Stored data:
▬▬▬▬▬▬▬▬▬▬

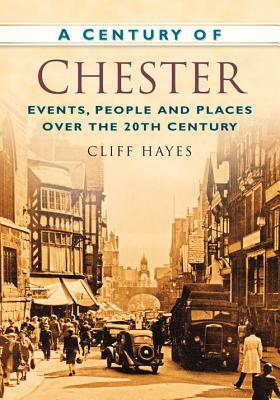 A Century of Chester by Cliff Hayes
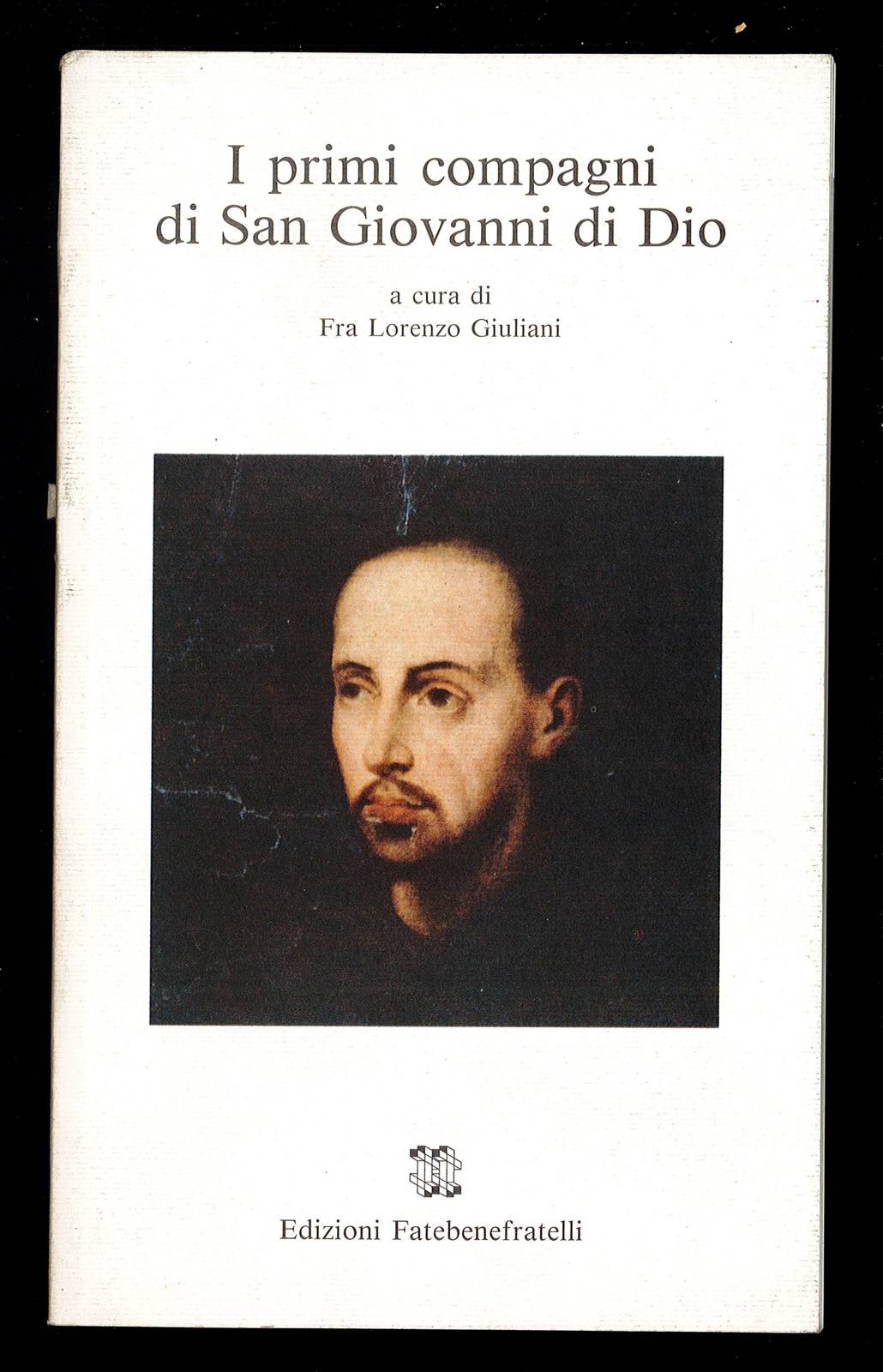 I primi compagni di San Giovanni di Dio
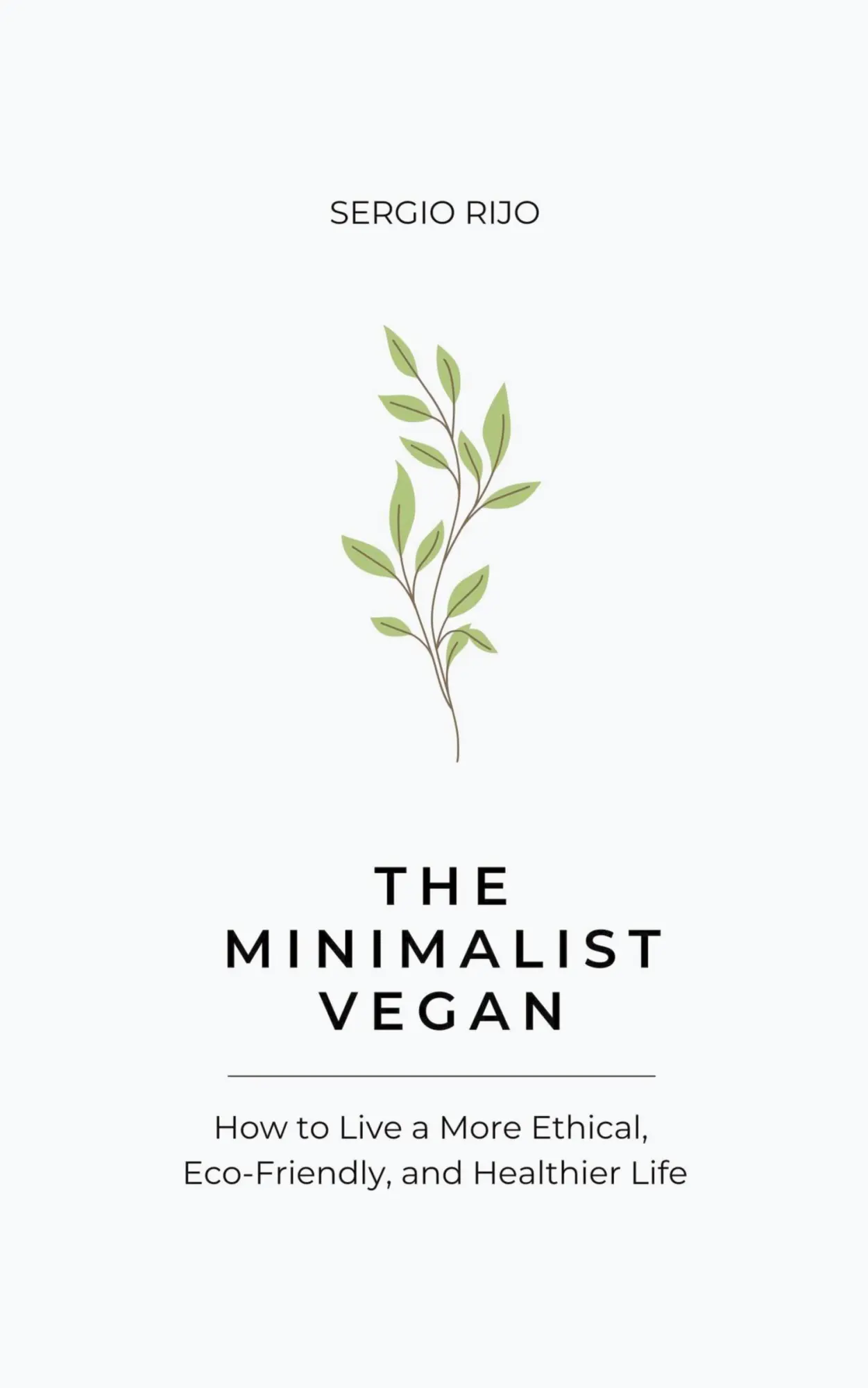 Cover: 9798223720959 | The Minimalist Vegan | Sergio Rijo | Taschenbuch | Englisch | 2023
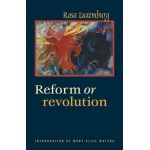 Reform or Revolution - Rosa Luxemburg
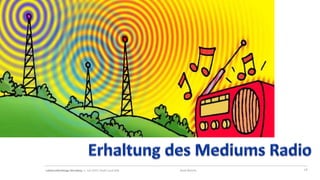 17Lokalrundfunktage Nürnberg I 1. Juli 2015 I Small Local DAB René Wehrlin
 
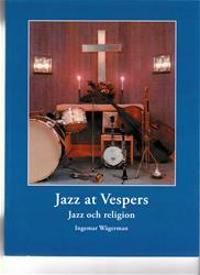 Jazz at Vespers - Jazz och religion | 0:e upplagan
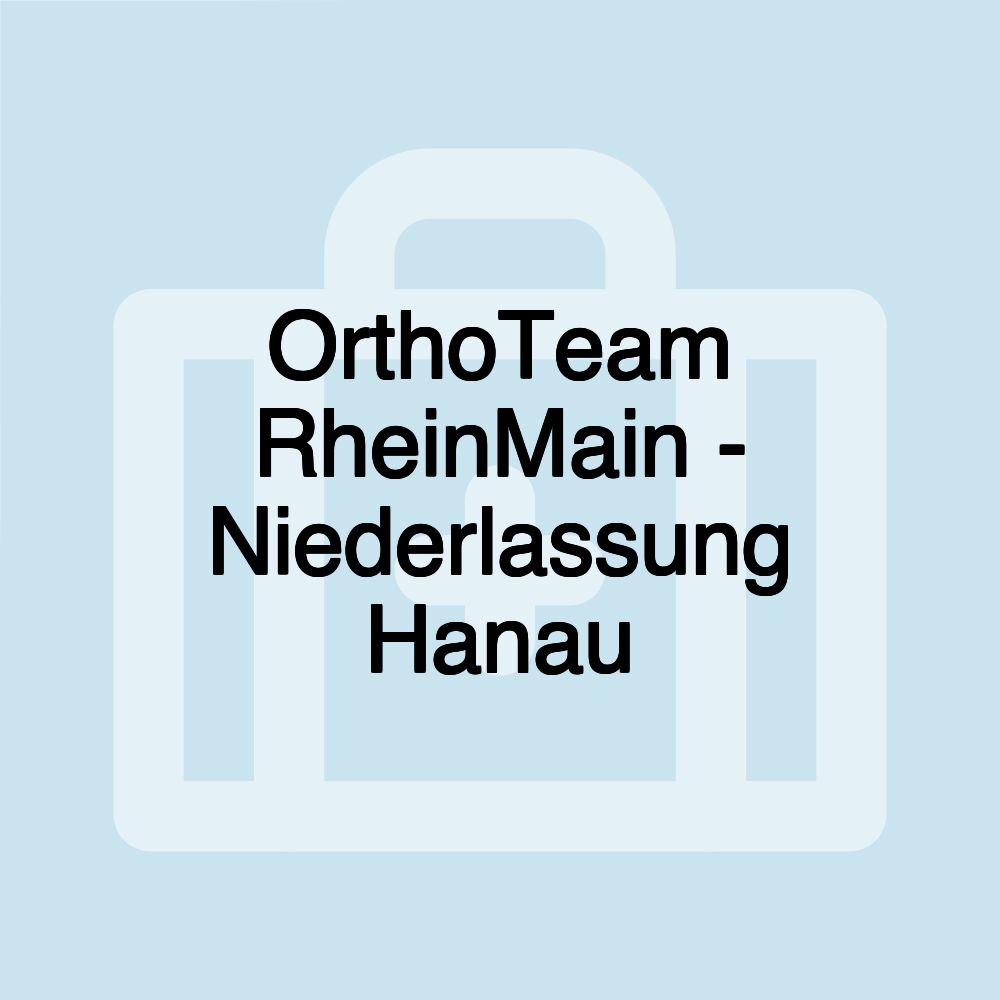 OrthoTeam RheinMain - Niederlassung Hanau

▬▬▬▬▬▬▬▬▬▬

▶ [EXERCISE OBJECTIVE]: Please write out all of the data verbatim, with no pictures in the copy.

▶ [EXERCISE ANSWER]:
 A Century of Chester by Cliff Hayes
 I primi compagni di San Giovanni di Dio
 Cover: 9798223720959 | The Minimalist Vegan | Sergio Rijo | Taschenbuch | Englisch | 2023
 Reform or Revolution - Rosa Luxemburg
 17Lokalrundfunktage Nürnberg I 1. Juli 2015 I Small Local DAB René Wehrlin
 
 Jazz at Vespers - Jazz och religion | 0:e upplagan
 OrthoTeam RheinMain - Niederlassung Hanau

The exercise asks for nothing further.